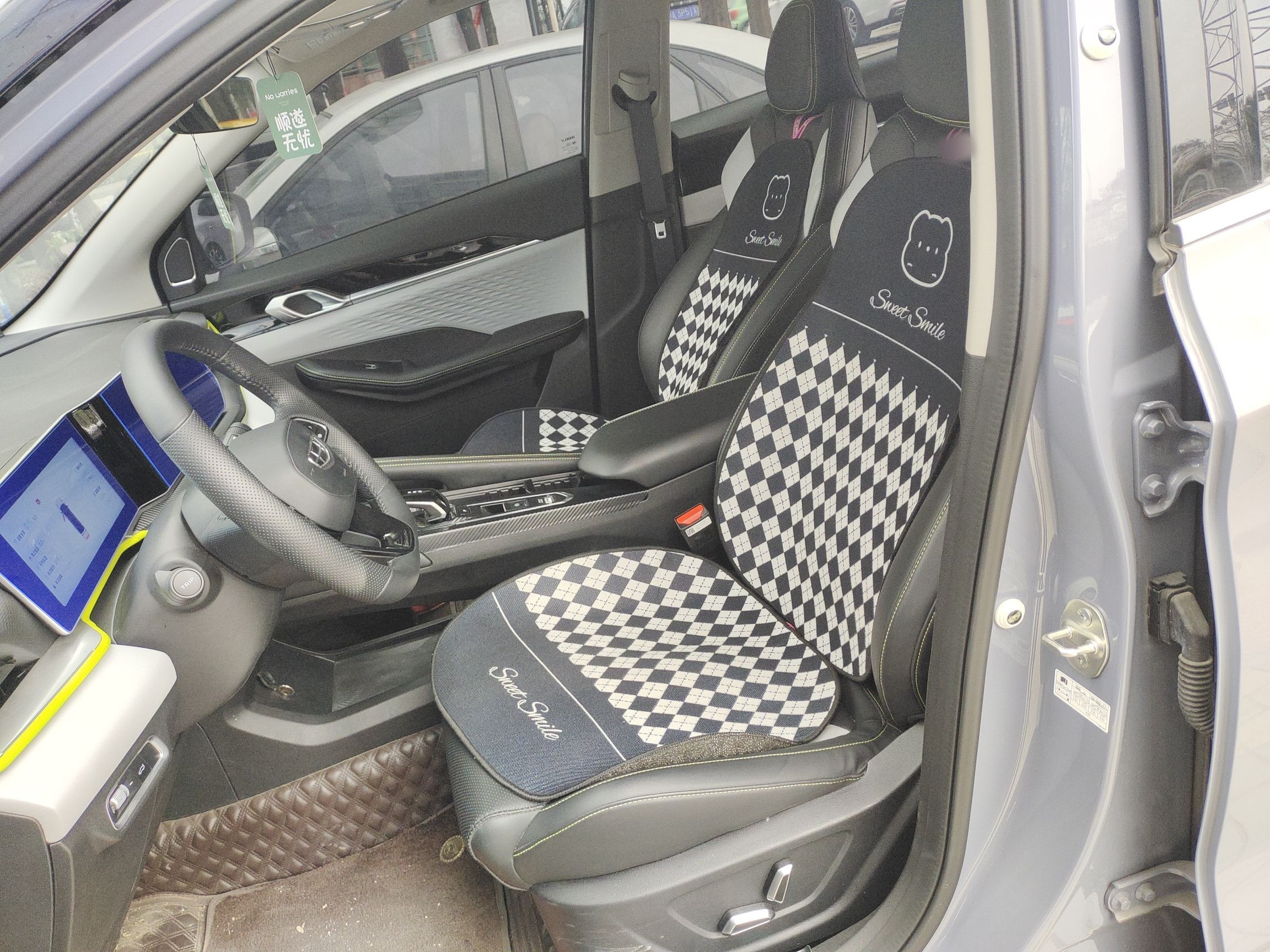 المقاعد الأمامية داخل السيارة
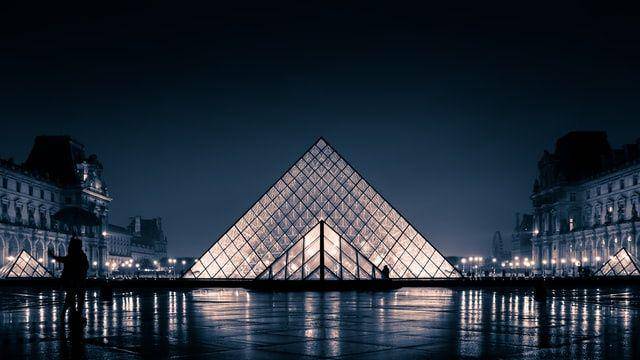 gambar bangunan Museum Louvre di malam hari (unsplash.com/J Venerosy)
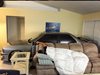 Mъж спаси колата си от урагана Матю, като я паркира в хола си (видео)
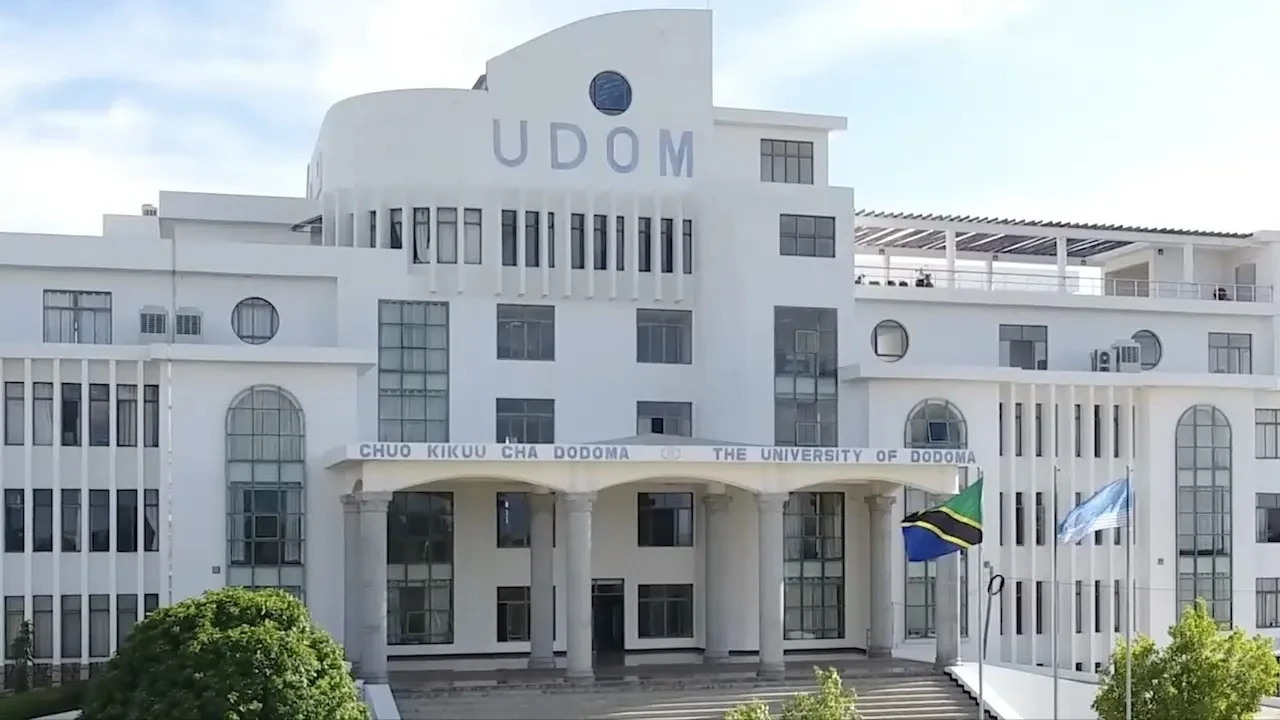 Chuo Kikuu cha Dodoma (UDOM).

* EXERCISE INSTRUCTIONS
Once the pictures are set aside, retype the rest of the listing exactly.

* RESULT
 المقاعد الأمامية داخل السيارة
 gambar bangunan Museum Louvre di malam hari (unsplash.com/J Venerosy)
 Mъж спаси колата си от урагана Матю, като я паркира в хола си (видео)
 Chuo Kikuu cha Dodoma (UDOM).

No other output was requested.